Whenever an image turns up, omit it and return the remaining data exactly.

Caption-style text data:
>>

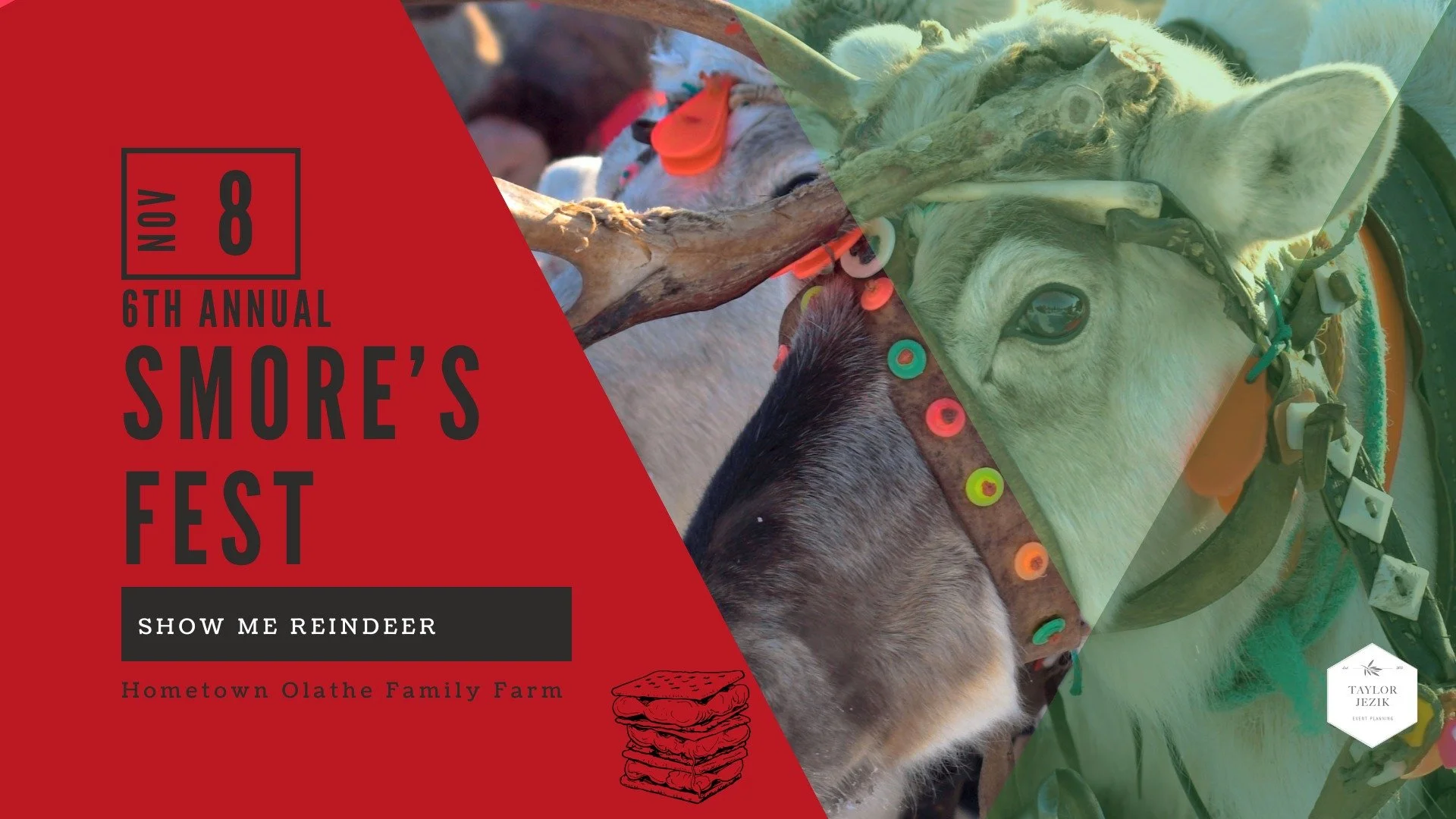 6th Annual S'Mores Fest Sip + Shop Featuring Show-Me Reindeer | November 8, 2025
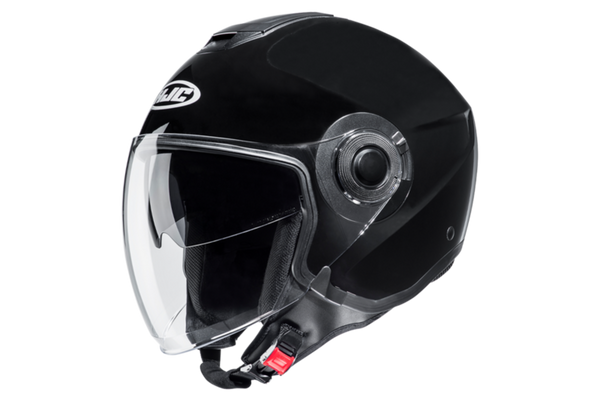 HJC Jet MC Helm i40 flach schwarz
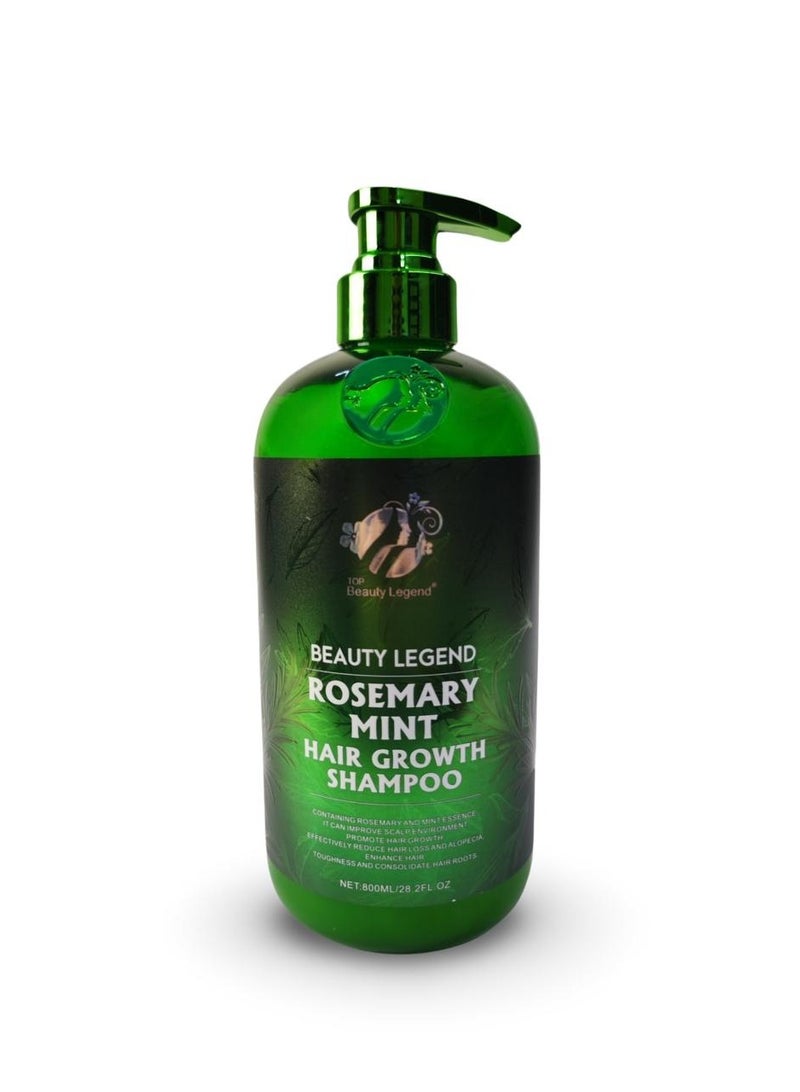 Beauty Legend Organics Rosemary Mint Hair Growth and Strengthening Shampoo with Biotin, 28.2 fl oz (800 ml)…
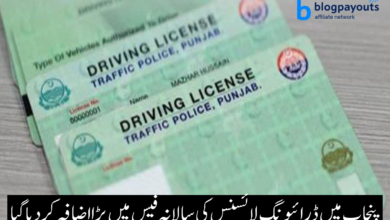 ڈرائیونگ لائسنس فیس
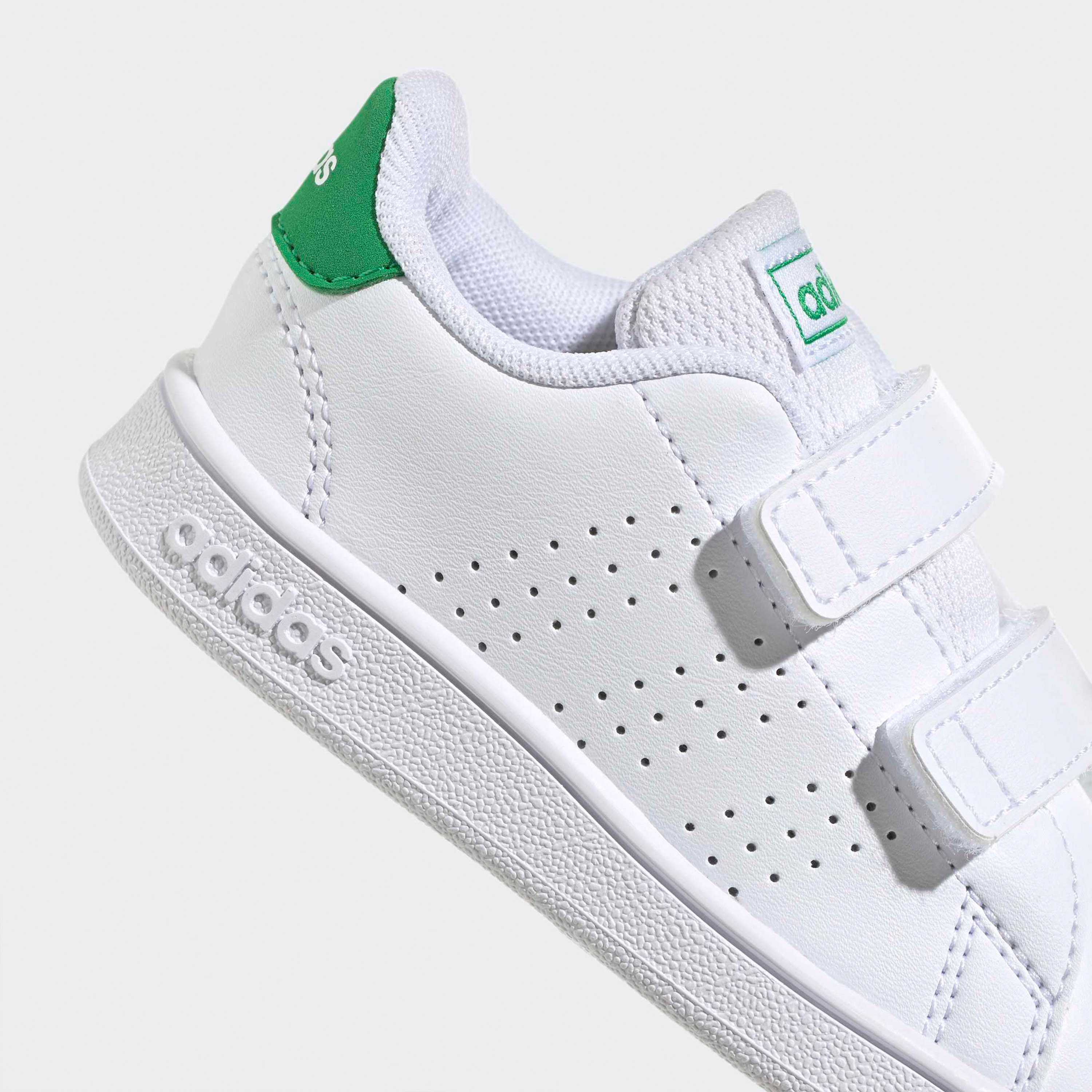 Adidas Ankle Sneakers with Hook & Loop, Panelled-sports-boys-shoes-image-6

<<

TASK RESULT:
 6th Annual S'Mores Fest Sip + Shop Featuring Show-Me Reindeer | November 8, 2025
 HJC Jet MC Helm i40 flach schwarz
 Beauty Legend Organics Rosemary Mint Hair Growth and Strengthening Shampoo with Biotin, 28.2 fl oz (800 ml)…
 ڈرائیونگ لائسنس فیس
 Adidas Ankle Sneakers with Hook & Loop, Panelled-sports-boys-shoes-image-6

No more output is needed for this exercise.